What needs to be done:
Begin at the line that has "炼钢生产流程介绍.ppt_第2页", stop after the line that has "国际奥委会体育总监基特·麦康奈尔表示：中国为冬季运动在全球推广带来深远影响", and print exactly those lines from the records below, without any pictures.

Task inputs:

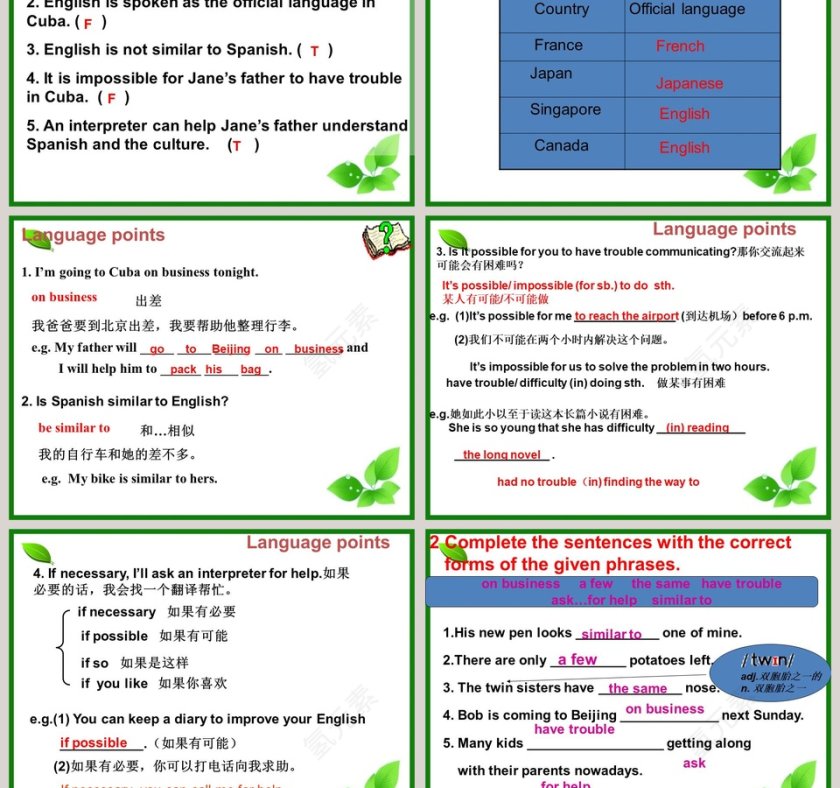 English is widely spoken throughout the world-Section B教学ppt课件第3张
==
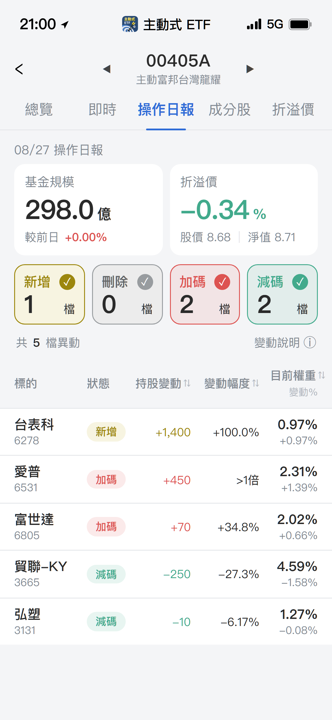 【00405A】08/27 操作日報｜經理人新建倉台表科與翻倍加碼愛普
==
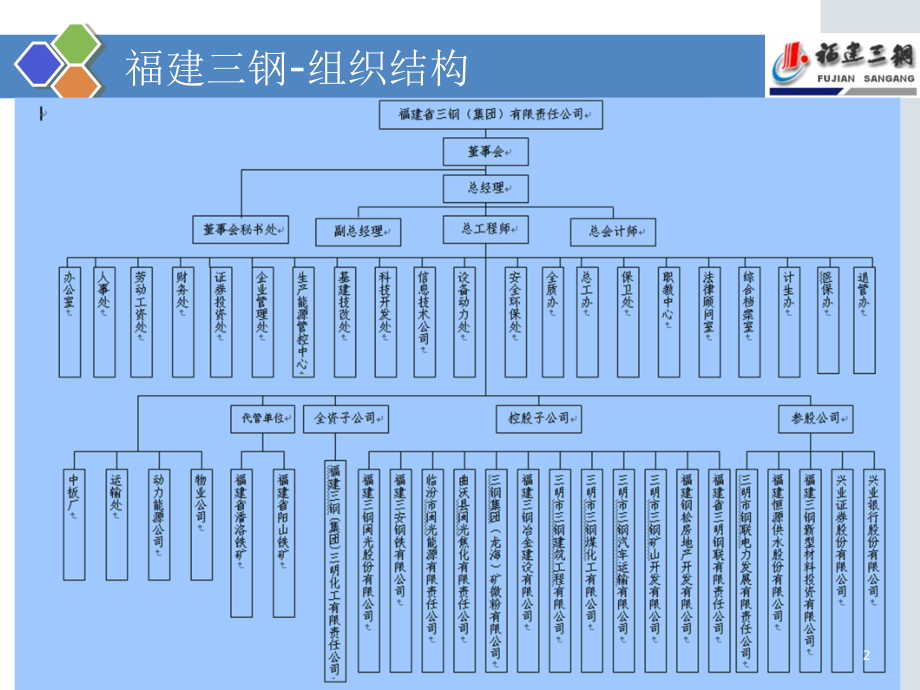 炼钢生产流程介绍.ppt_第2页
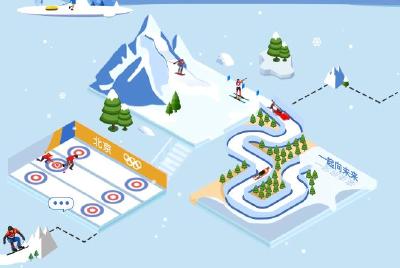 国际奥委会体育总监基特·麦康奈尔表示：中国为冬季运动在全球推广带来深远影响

Solution to this exercise:
 炼钢生产流程介绍.ppt_第2页
 国际奥委会体育总监基特·麦康奈尔表示：中国为冬季运动在全球推广带来深远影响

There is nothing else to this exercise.